I thoroughly enjoyed the book. The informational contents are - at least for me - in a good balance in terms of basics and "frontiers", and especially the case illustrations (e.g. IBM's Jeopardy-winning AI the Deep Mind) nicely make the discussion concrete.

However, what I really appreciated was that the author successfully resisted the temptation to launch into science fiction-like speculations towards the end of the book (through the notion of conscious AI, the singularity etc. were covered). Instead, all the future-looking and ethics-related discussion is firmly rooted in what current and realistically foreseeable technology could enable.

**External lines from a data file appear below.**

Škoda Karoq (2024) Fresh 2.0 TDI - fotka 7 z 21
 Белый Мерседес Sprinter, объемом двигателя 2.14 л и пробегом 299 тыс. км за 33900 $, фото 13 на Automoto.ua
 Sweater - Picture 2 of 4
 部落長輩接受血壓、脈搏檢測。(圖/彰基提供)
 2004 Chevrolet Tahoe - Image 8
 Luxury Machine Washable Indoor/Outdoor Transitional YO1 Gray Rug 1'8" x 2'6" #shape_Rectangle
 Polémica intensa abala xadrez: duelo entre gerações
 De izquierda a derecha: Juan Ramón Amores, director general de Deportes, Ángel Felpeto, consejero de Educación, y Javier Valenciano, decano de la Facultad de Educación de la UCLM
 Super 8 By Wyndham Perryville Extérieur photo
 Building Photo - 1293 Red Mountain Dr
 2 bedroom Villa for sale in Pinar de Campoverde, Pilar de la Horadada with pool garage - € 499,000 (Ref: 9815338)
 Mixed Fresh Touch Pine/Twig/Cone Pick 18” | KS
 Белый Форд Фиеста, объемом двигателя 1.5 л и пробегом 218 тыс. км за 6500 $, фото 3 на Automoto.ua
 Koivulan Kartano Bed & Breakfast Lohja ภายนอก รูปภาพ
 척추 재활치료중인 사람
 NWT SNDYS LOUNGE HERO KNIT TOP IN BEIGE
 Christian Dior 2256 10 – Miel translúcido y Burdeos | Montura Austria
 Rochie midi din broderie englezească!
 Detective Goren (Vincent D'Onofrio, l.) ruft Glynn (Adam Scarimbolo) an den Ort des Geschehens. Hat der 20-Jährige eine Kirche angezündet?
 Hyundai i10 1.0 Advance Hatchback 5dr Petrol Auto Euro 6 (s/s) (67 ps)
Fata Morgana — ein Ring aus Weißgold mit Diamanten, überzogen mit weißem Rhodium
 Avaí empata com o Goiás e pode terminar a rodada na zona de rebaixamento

The main take-away for me?

After reading the book, I probably understand and appreciate more the "mundane" applications of AI (e.g. movie recommending systems, autonomous driving software), and how anticipated developments in the near future may influence our lives and force us to rethink to a degree the premises in our legal systems (e.g. what about if a credit screening system is found to discriminate against a group of people, but because the system is implemented with a neural network, nobody can discern how those credit screening decisions are made?).

Who should read the book?

If one is at all interested in information technology and "big data" or the topic of artificial intelligence in particular, but is not entirely sure what the fuss is about, this book is well worth reading.

The book on Thinking Machines

Tuesday, April 25, 2017

Arbesman, Samuel (2016): Overcomplicated - Technology at the Limits of Comprehension

What is it about?

The basic position of the book is that the technological environment in which we live has become so complex that in many cases we no longer fully understand let alone control how technology works. Especially this is true in large technical systems such as the Internet, or electricity or water distribution.

Thus, complex technological systems exhibit emergent behavior which is at times surprising to us because due to their complexity, their behavior can not be modelled or otherwise anticipated in all possible circumstances.

As examples, complex technological systems cause phenomena such as sudden swings in financial markets (computerized systems trading by themselves at a very high speed) and large-scale electricity outages (a single failure causing a cascade of effects which diffuse system-wide).

According to the author, this "overcomplication" is to a part due to fundamental restrictions in our capacity to process and understand information, and to a part due to the very nature of complex systems/phenomena (c.f. complexity theory).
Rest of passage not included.